THE PROBLEM: Could you copy, exactly as written, every line from the first line of the records through the one containing "Chef Aid Nylon"?

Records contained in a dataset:
━━━━
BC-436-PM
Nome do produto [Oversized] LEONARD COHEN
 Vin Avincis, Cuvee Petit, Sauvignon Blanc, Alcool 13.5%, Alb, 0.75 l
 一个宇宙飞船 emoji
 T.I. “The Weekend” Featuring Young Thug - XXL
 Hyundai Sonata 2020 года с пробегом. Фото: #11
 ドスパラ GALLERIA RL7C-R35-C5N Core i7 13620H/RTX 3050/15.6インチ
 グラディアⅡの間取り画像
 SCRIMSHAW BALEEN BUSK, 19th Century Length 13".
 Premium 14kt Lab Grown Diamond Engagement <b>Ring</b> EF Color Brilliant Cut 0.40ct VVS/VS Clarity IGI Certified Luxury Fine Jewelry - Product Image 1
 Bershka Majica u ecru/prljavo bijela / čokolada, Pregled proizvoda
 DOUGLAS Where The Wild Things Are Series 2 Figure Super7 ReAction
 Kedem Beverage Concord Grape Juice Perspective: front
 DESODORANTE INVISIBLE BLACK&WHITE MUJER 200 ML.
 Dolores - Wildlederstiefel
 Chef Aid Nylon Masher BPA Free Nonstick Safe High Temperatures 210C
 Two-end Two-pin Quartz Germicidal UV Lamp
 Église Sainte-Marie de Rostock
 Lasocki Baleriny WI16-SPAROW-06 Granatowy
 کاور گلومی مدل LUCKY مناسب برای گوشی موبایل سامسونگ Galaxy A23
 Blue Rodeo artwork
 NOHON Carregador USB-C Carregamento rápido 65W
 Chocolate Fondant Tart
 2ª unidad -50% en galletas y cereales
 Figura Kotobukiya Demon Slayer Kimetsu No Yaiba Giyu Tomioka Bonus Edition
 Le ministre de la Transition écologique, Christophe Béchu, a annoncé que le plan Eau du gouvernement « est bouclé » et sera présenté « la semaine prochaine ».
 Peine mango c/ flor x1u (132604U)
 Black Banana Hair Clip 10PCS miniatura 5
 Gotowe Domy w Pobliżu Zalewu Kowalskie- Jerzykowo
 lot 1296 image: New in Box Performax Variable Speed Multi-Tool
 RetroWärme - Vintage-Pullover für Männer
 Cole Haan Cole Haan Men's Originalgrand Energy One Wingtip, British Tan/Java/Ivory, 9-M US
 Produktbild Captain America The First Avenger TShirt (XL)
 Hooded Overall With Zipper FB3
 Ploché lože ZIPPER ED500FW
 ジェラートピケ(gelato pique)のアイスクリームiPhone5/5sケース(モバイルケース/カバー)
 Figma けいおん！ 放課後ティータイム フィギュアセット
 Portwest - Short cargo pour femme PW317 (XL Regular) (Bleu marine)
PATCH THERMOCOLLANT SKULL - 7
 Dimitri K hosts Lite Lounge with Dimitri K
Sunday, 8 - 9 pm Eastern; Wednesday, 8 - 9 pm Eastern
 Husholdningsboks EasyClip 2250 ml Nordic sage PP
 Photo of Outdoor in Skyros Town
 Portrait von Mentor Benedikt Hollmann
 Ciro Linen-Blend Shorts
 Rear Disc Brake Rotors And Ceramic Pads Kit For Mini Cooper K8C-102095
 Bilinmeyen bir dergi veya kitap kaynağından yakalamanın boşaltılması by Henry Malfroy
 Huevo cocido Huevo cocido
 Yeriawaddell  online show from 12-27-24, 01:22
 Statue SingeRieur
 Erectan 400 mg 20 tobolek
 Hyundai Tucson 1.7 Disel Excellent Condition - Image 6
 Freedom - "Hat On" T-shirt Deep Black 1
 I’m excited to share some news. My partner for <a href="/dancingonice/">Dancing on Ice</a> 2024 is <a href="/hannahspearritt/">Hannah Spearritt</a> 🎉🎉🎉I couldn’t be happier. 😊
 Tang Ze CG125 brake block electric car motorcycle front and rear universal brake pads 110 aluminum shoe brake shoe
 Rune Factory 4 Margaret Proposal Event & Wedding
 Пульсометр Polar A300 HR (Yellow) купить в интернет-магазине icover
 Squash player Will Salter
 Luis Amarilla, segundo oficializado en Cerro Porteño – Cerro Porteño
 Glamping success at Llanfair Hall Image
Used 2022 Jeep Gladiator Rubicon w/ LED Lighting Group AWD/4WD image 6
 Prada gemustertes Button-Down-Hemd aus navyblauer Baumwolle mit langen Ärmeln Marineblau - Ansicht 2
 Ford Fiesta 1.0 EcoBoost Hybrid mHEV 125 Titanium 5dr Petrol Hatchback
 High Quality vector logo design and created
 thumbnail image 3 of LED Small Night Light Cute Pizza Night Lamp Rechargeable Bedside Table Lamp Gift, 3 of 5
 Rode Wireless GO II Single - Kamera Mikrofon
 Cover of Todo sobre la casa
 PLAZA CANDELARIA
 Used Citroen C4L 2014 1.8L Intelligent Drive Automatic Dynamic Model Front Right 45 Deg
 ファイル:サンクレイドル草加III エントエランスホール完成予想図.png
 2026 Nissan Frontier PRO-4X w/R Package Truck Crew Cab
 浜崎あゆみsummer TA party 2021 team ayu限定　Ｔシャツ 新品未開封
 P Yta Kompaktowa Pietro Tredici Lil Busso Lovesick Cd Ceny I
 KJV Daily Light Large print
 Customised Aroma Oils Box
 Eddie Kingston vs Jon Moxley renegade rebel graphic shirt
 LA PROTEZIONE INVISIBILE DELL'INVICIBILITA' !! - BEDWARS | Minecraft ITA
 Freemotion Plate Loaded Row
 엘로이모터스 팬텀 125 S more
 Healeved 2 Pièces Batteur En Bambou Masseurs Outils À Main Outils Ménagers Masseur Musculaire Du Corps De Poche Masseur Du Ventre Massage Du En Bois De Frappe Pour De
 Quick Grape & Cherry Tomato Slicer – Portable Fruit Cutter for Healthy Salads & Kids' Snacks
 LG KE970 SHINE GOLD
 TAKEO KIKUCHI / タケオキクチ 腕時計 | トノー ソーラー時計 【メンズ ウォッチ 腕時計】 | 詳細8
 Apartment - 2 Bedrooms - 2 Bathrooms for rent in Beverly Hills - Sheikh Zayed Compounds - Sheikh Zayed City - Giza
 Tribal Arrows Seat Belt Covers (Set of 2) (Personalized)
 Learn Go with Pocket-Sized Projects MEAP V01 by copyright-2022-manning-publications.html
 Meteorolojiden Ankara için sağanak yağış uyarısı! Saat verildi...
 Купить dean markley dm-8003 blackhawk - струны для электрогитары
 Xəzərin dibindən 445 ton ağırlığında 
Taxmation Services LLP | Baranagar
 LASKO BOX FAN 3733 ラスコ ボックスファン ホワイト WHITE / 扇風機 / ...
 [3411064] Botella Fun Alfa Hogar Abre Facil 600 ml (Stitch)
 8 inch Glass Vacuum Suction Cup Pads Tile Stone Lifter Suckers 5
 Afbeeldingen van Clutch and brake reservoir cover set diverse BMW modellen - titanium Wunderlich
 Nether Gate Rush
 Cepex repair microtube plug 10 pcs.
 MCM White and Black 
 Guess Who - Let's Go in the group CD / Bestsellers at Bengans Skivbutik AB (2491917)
━━━━
SOLUTION TO THIS EXERCISE:
BC-436-PM
Nome do produto [Oversized] LEONARD COHEN
 Vin Avincis, Cuvee Petit, Sauvignon Blanc, Alcool 13.5%, Alb, 0.75 l
 一个宇宙飞船 emoji
 T.I. “The Weekend” Featuring Young Thug - XXL
 Hyundai Sonata 2020 года с пробегом. Фото: #11
 ドスパラ GALLERIA RL7C-R35-C5N Core i7 13620H/RTX 3050/15.6インチ
 グラディアⅡの間取り画像
 SCRIMSHAW BALEEN BUSK, 19th Century Length 13".
 Premium 14kt Lab Grown Diamond Engagement <b>Ring</b> EF Color Brilliant Cut 0.40ct VVS/VS Clarity IGI Certified Luxury Fine Jewelry - Product Image 1
 Bershka Majica u ecru/prljavo bijela / čokolada, Pregled proizvoda
 DOUGLAS Where The Wild Things Are Series 2 Figure Super7 ReAction
 Kedem Beverage Concord Grape Juice Perspective: front
 DESODORANTE INVISIBLE BLACK&WHITE MUJER 200 ML.
 Dolores - Wildlederstiefel
 Chef Aid Nylon Masher BPA Free Nonstick Safe High Temperatures 210C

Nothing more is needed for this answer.